In support of descriptive arguments (longer strings or enums): I think these one character strings are really bad for readers of code, and reading code happens thousands of times more than writing code. We should make code as easy to read as possible.

__open_duplex__(mode='r')

is not easy to read.

In support of enums over strings: If someone wants to write a shim, say

def open_log_file(mode: Mode): ...

then with strings you are forced to annotate the mode by copying the Literal[....]. Therefore, you’ll want to expose the literal somewhere anyway:

type OpenModes = Literal[...]

So you’re halfway to having a type safe enumeration anyway.

Sorry, but why should “fitting the model” of the existing function matter? Are we suggesting that its design is ideal?

rrolls · May 13, 2025, 7:21pm

Neil Girdhar:

I think these one character strings are really bad for readers of code, and reading code happens thousands of times more than writing code. We should make code as easy to read as possible.
__open_duplex__(mode='r')
is not easy to read.

Nobody (okay, almost nobody) is going to call __open_duplex__ directly.

The only code that is going to call these dunder methods is:

builtins.open
maybe pathlib.Path.open
maybe the odd function elsewhere where someone has a need to write some low-level glue code.
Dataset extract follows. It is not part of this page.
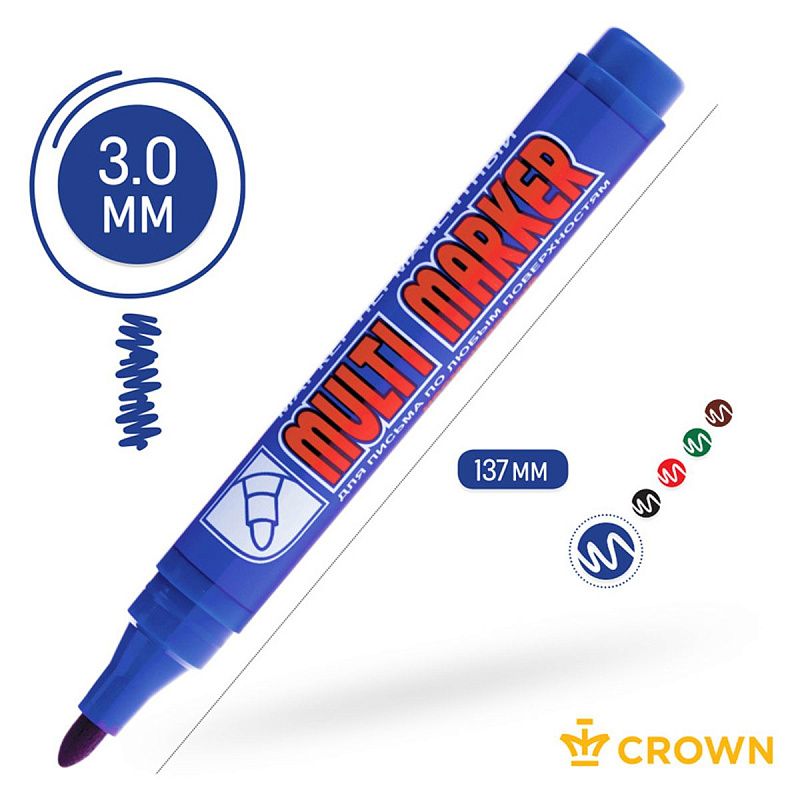 Маркер перманентный Crown "Multi Marker" синий, пулевидный, 3мм 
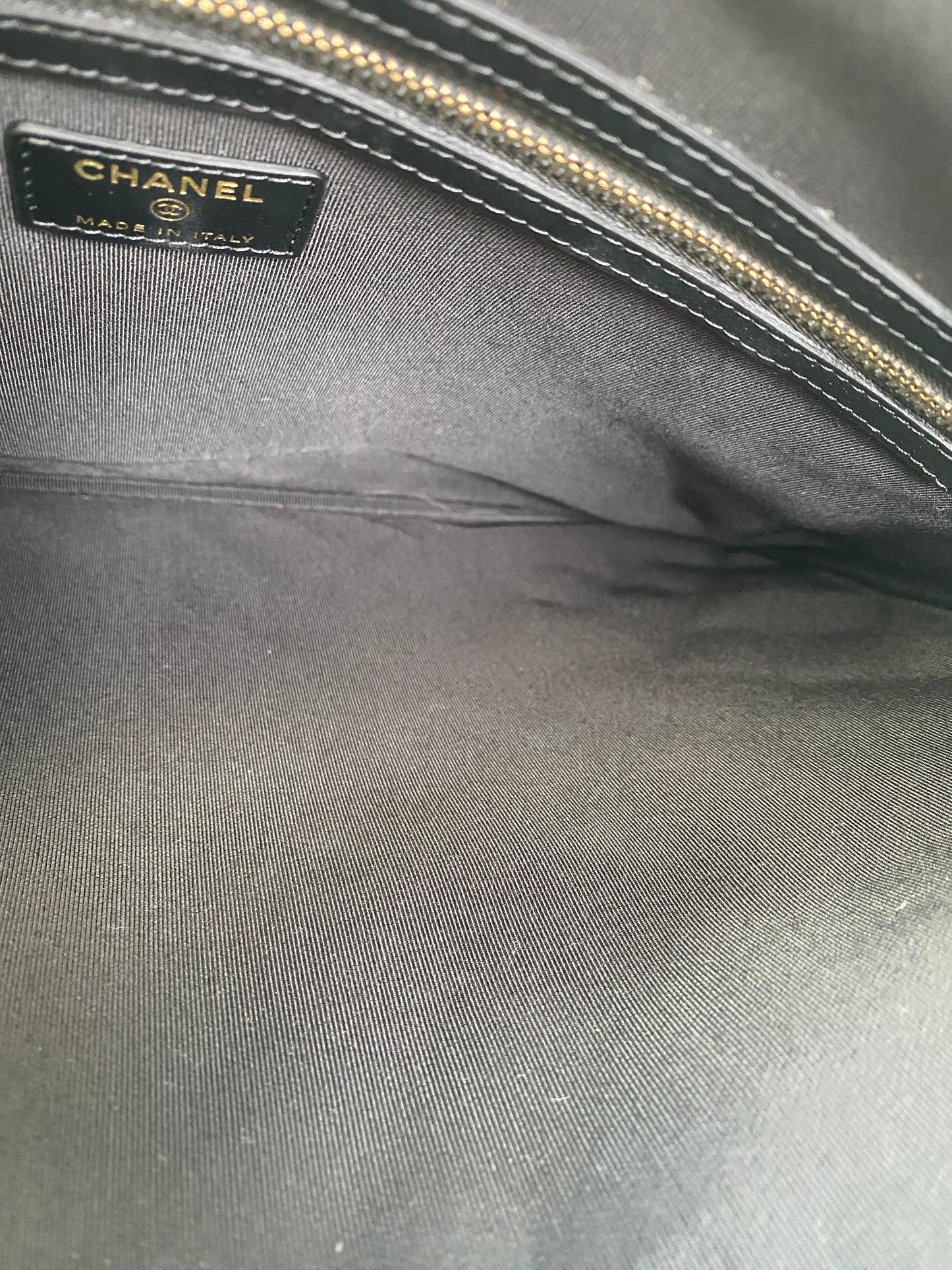 Chanel Black Boy Large O Pouch Bag GHW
And in basically all of those cases, it won’t be called with mode='r', it’ll be called with mode=mode after applying an algorithm to validate the caller’s mode and turn it into the mode that needs to be passed to the dunder:

The code that people are going to end up reading is:

open(path, mode='r+')

since that’s what would end up calling this dunder. And indeed, to the untrained eye, that’s not easy to read/understand - but it’s been around for decades and is not something that’s easy to change now.

pf_moore · May 13, 2025, 7:23pm

Consistency. __open_reader__ is a dunder that allows a class to implement open. It makes sense to me to be consistent with the API of open.

You can disagree. That’s fine. Ultimately it’s @barneygale’s decision - I’m just casting my vote for my preferred option.

barneygale · May 13, 2025, 8:24pm

Good point - thanks.

Just to throw out another option: the open() docs say that ‘+’ means opening for “updating”, so we could use _updater() perhaps

(I think it’s academic - we don’t generally add type annotations in the stdlib.)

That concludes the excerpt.